LAION image-text pairings datasets
LAION is a German non-profit collective led by Christoph Schuhmann at the University of Vienna that has created a series of open-source datasets. These datasets have been used to train Stable Diffusion, Imagen and other text-to-image systems and models.
Launched in 2020 and comprising 400 million image and text pairings, LAION-400M was touted as the world's largest openly available dataset of image and text pairings. Its successor LAION-5b, comprising 5 billion pairings, was released in March 2022.

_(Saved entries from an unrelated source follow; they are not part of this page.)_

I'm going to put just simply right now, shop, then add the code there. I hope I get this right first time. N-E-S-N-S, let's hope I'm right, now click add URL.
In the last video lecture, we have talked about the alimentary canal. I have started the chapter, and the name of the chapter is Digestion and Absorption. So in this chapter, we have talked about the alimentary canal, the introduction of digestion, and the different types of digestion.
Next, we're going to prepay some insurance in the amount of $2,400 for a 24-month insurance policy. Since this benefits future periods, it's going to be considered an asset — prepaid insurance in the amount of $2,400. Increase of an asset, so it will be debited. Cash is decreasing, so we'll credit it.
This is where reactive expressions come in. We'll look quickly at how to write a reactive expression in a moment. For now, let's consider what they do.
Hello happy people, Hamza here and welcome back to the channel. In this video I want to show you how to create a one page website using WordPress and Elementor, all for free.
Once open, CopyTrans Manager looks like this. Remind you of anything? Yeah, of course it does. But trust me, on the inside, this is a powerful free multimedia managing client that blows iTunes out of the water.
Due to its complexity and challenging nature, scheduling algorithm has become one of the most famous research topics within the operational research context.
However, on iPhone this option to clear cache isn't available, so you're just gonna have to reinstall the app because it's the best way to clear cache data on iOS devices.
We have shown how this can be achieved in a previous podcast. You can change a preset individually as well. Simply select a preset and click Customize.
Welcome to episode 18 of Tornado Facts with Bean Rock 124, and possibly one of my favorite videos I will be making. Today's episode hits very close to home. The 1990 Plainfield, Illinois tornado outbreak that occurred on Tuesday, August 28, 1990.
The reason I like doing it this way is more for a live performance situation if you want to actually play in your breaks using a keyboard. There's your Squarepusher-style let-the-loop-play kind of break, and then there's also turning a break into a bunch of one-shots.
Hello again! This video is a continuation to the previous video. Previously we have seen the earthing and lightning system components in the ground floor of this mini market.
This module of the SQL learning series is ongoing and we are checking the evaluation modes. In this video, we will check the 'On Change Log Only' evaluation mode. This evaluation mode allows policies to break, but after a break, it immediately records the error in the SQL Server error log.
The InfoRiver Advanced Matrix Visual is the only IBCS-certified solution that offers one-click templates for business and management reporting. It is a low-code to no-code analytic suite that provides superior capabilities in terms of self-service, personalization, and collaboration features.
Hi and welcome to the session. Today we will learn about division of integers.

A 2021 audit (pdf) of LAION-400M by Abeba Birhane, Vinay Uday Prabhu and Emmanuel Kahembwe at University College Dublin, University of Edinburgh and UnifyID discovered that it contains 'troublesome and explicit images and text pairs of rape, pornography, malign stereotypes, racist and ethnic slurs, and other extremely problematic content.'
As Politico notes: 'When the researchers typed the word “Korean,” the model didn’t bring up images of BTS or bulgogi, but naked Korean women. Searching the word “Indian” brought up pictures of South Asian women being raped. 'Best president' brought up images of Donald Trump.'
The researchers argue that LAION-400M and other large language models are rarely managed in the interests of the individuals and organisation whose data is being collected and used. For instance, these systems often contain personal data collected without consent, and sometimes make it purposely difficult for individuals to remove their data.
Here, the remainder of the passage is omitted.